Тематический диапазон новой книги более чем широк. Адамович, Ахматова, Андрей Белый, Брюсов, Вадим Гарднер, Александр Добролюбов, Гиппиус, Вячеслав Иванов, Георгий Иванов, Пимен Карпов, Евгений Курлов, Кузмин, Мандельштам, Мережковский, Иван Новиков, Пастернак, Николай Рябушинский, Игорь Терентьев, Философов, Ходасевич, Шагинян, Эллис — таков перечень основных действующих лиц первого раздела. В большинстве случаев они предстают в ситуациях конфликтно-драматических: выясняют отношения литературные и человеческие, ссорятся, мирятся. Да и тексты здесь ведут себя как люди, взаимодействуя, отражаясь друг в друге. Н. Богомолов всегда пишет о событиях — больших или малых, постоянно обсуждаемых или доселе незамеченных. А критерий “событийности” — интуиция автора, его эстетический вкус и общественно-историческая позиция. Не догматическая, но достаточно внятная — идет ли речь об интеллигентском и антиинтеллигентском сознании 1890-х — 1900-х годов или о влиянии советской власти на литературный процесс 1920 — 1930-х.
Научный метод Н. Богомолова можно определить как исследовательский реализм. Это предельная фактическая точность, исключающая подгонку материала под концепцию. Это четкое различение “человеческого” и “творческого” в литературной личности. Это верность здравому смыслу в анализе текстов, выходящих за границы житейской логики (заумь или “эзотерическое неприличие”). Это, наконец, нормальный человеческий язык, совершенно не инфицированный постструктуралистской “феней”. Можно все на свете объяснить без непременных “нарративов” и “симулякров”. Случись Брюсову, Кузмину или Ходасевичу прочесть статьи о них, написанные Н. Богомоловым, они бы там все прекрасно поняли.
А главное — такая научная “метапозиция” наиболее адекватна по отношению к модернистской литературе, замешенной на жизнетворчестве, на стирании границ между искусством и бытом, между знанием и мистическим прозрением. Н. Богомолов сумел в свое время написать монографию об оккультизме, не заразившись спиритизмом, но и не впав в раж “разоблачения магии”. И в новой книге он прочно держится на необходимой дистанции от предмета, сохраняя при этом глубокую заинтересованность в его познании и понимании.

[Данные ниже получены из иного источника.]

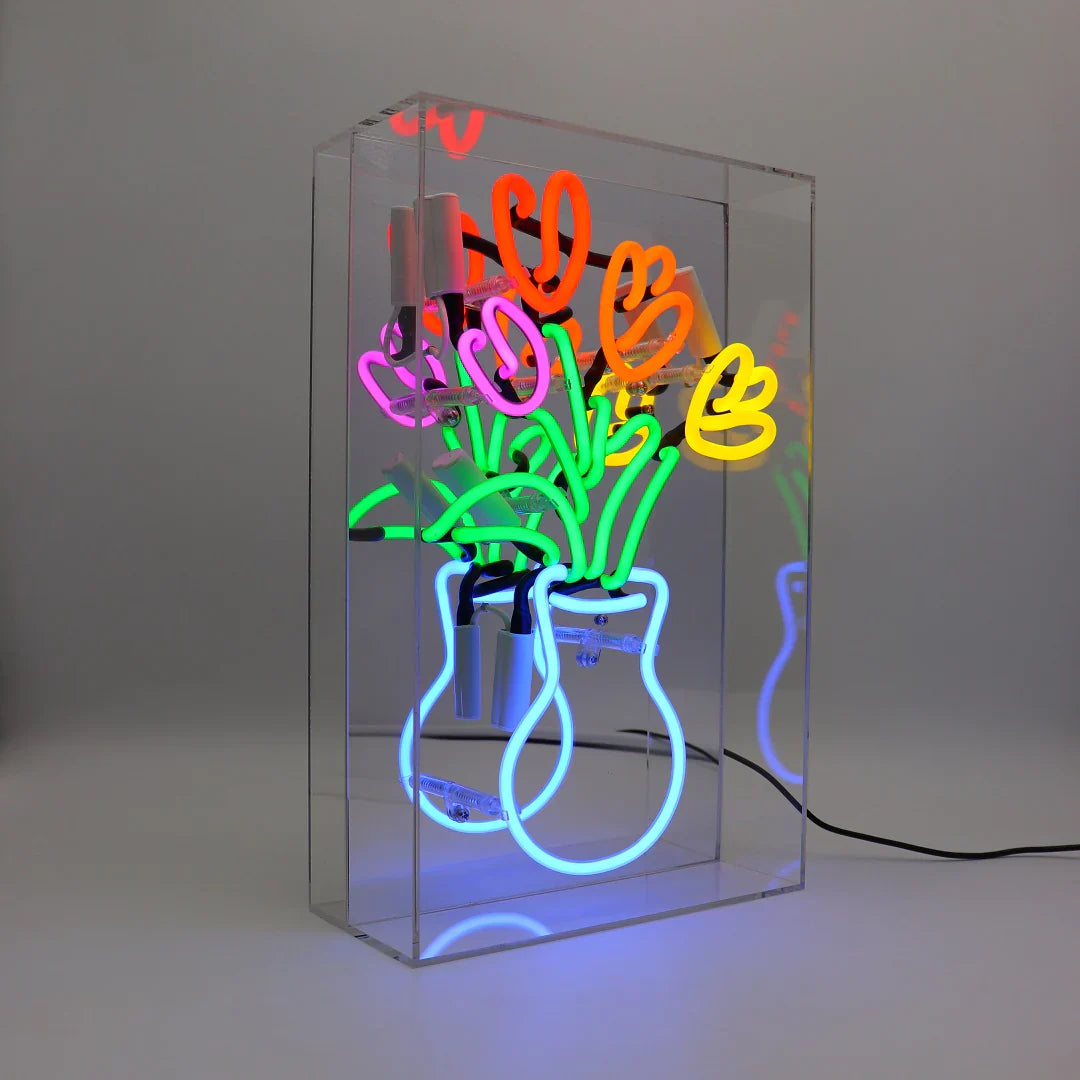Vaso di tulipani al neon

Очень показателен в этом смысле “Этюд об ахматовском жизнетворчестве”, возникший как ответ на целый ряд появившихся в последние годы эссеистических нападок на ахматовское “актерство”, на ее склонность к монументальной “позе”. Н. Богомолов выдвигает тезис о том, что “жизнетворческий” импульс мог быть присущ не только символистской и футуристической, но и акмеистической эстетике. (А я бы рискнул продлить историю “жизнетворческой” поэтики до самого конца (пост)модернизма, до времен “Венички” и “Эдички”.) Суммируя свои наблюдения над поведением Ахматовой, Н. Богомолов приходит к убедительному, хотя и не очень удобному для поверхностных памфлетистов выводу: существует “особая позиция жизнетворящего художника: с одной стороны, он активно конструирует, формирует представления других о себе, а с другой — тщательно маскирует любое сознательное конструирование, добиваясь, скорее, противоположного эффекта — впечатления полной и органической естественности”. Наиболее полное развитие этой тенденции автор усматривает у Есенина, Клюева, Пимена Карпова. Так или иначе, но в свете разработанного Н. Богомоловым подхода к самой проблеме “искренности” и “игры” (“сплав литературы и жизни, дающий совершенно новое качество”) всякого рода сарказмы по поводу житейского поведения мастеров модернистской формации предстают по меньшей мере профанными высказываниями, а по строгому счету — элементарной мещанской болтовней.